Copy the data that follows exactly as it is, excluding all pictures.
COLLECTED DATA Start Marker
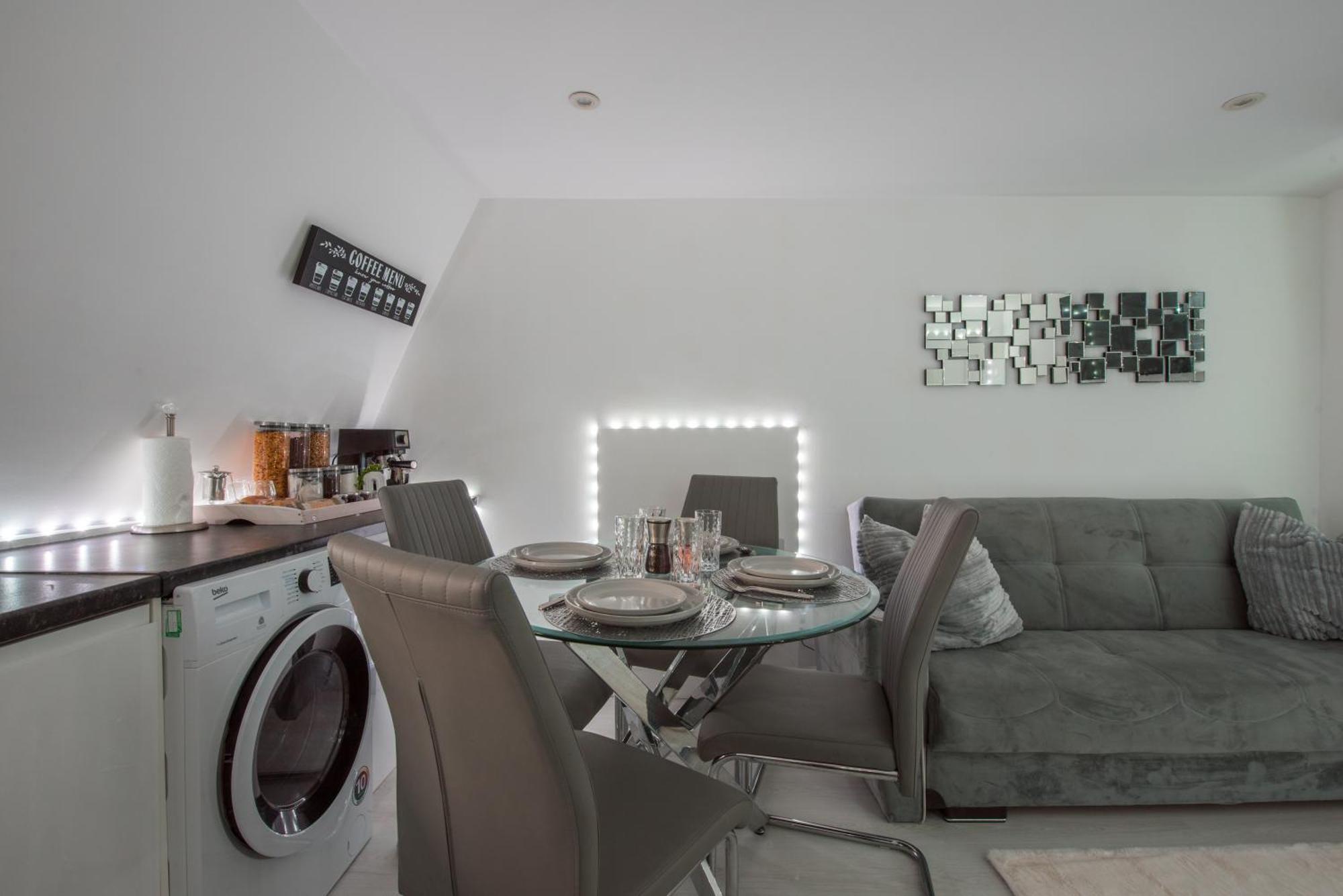 Parade Gardens Boutique Apartments- Central, Grade I Listed, 4K Tvs, Hidden Views Bath Eksteriør billede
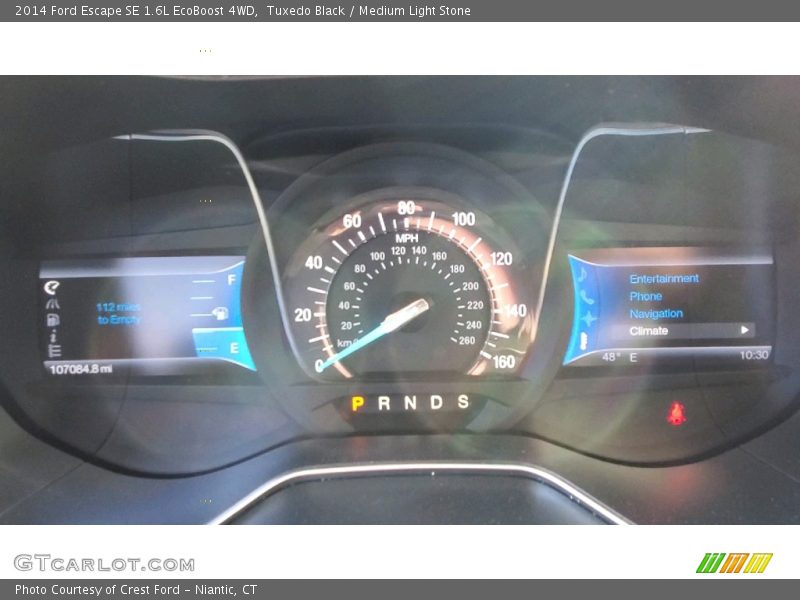 Tuxedo Black / Medium Light Stone 2014 Ford Escape SE 1.6L EcoBoost 4WD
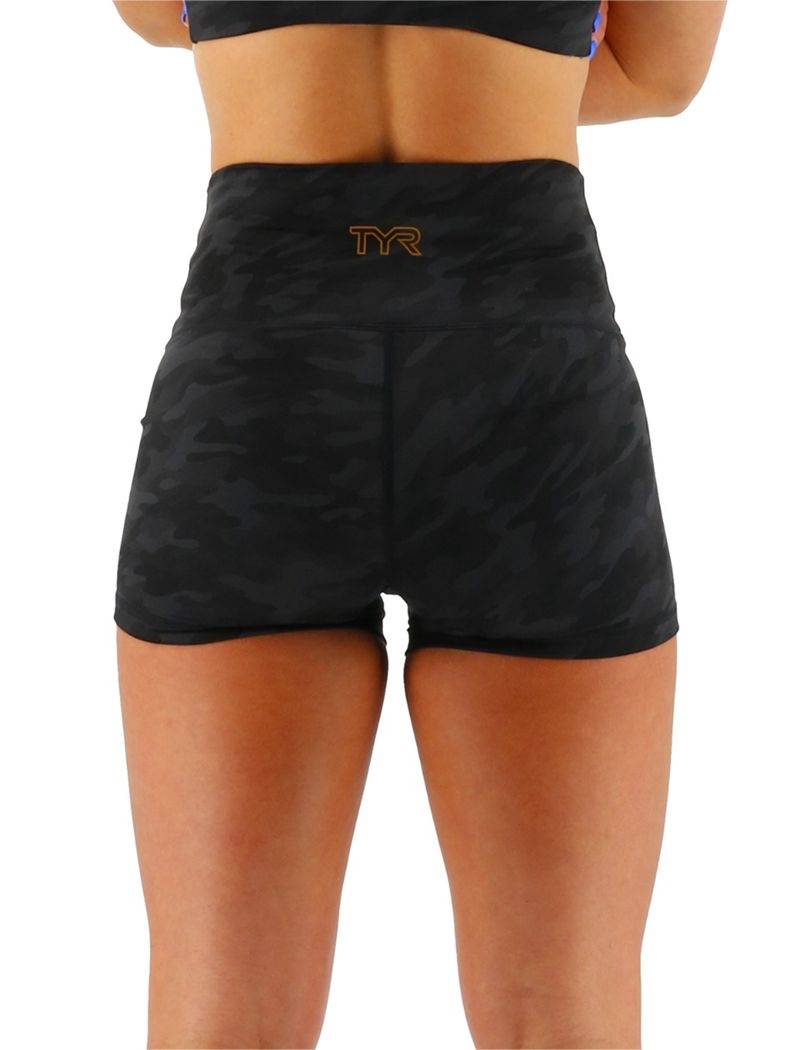 Short Tyr Base Kinetic? High-rise 2 Femme Noir | 66495953ETM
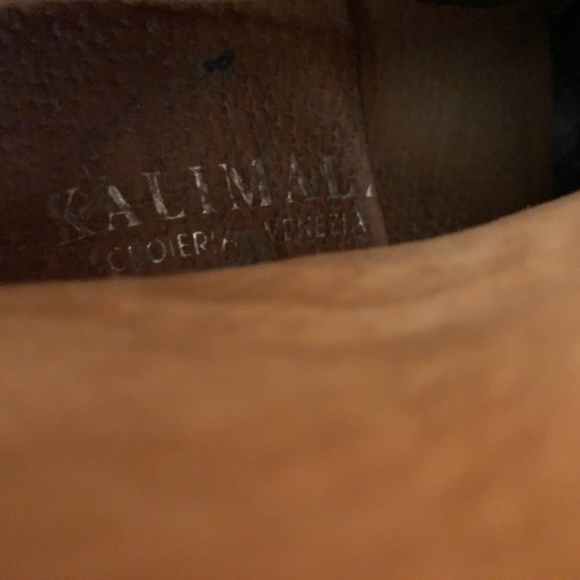 SOLD! Kalimala Handmade Italian Leather shoes, size 37 - Picture 7 of 8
COLLECTED DATA End Marker
| SOLUTION TO THIS PROBLEM |
 Parade Gardens Boutique Apartments- Central, Grade I Listed, 4K Tvs, Hidden Views Bath Eksteriør billede
 Tuxedo Black / Medium Light Stone 2014 Ford Escape SE 1.6L EcoBoost 4WD
 Short Tyr Base Kinetic? High-rise 2 Femme Noir | 66495953ETM
 SOLD! Kalimala Handmade Italian Leather shoes, size 37 - Picture 7 of 8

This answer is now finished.